(Beginning of DATA BELOW)
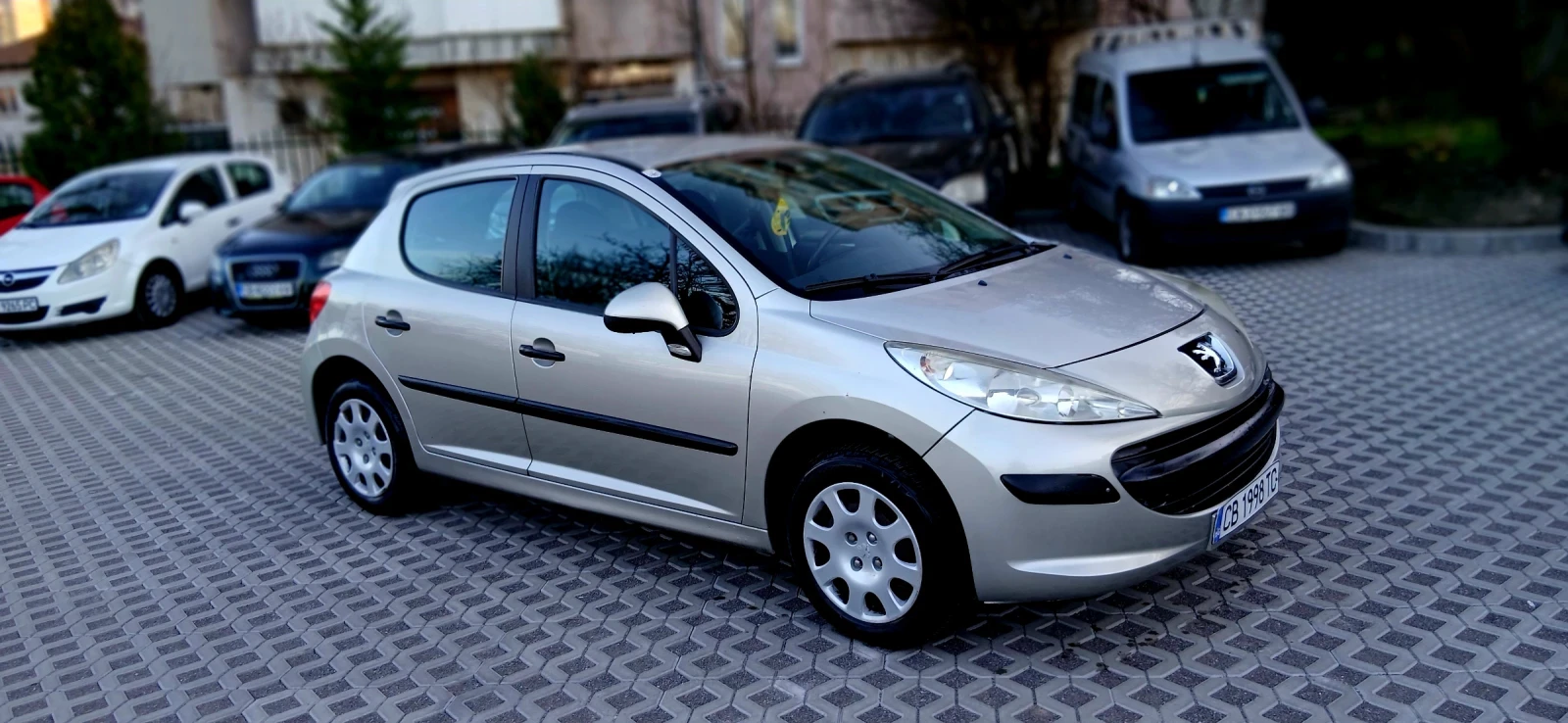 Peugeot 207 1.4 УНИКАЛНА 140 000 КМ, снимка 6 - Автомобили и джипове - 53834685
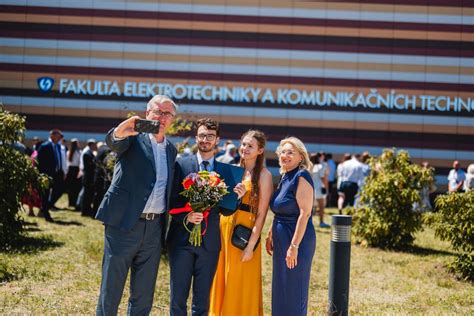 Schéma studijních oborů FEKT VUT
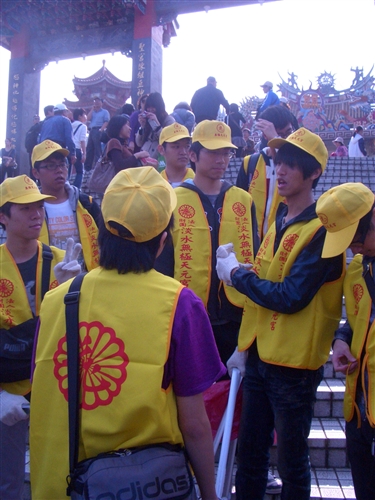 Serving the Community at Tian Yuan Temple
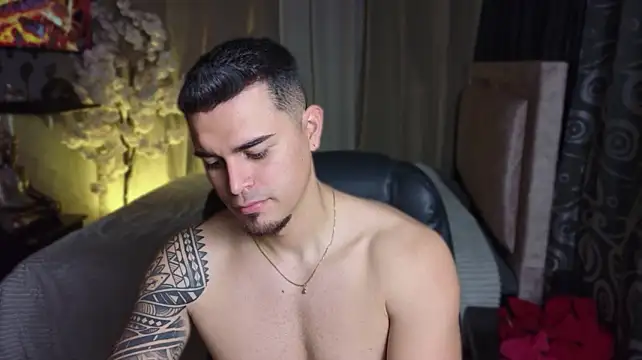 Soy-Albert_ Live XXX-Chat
(End of DATA BELOW)
Pictures are to be omitted. Print exactly the lines from the line containing "Schéma studijních oborů FEKT VUT" through the final line of the material above, both included.

• _EXERCISE RESPONSE_
 Schéma studijních oborů FEKT VUT
 Serving the Community at Tian Yuan Temple
 Soy-Albert_ Live XXX-Chat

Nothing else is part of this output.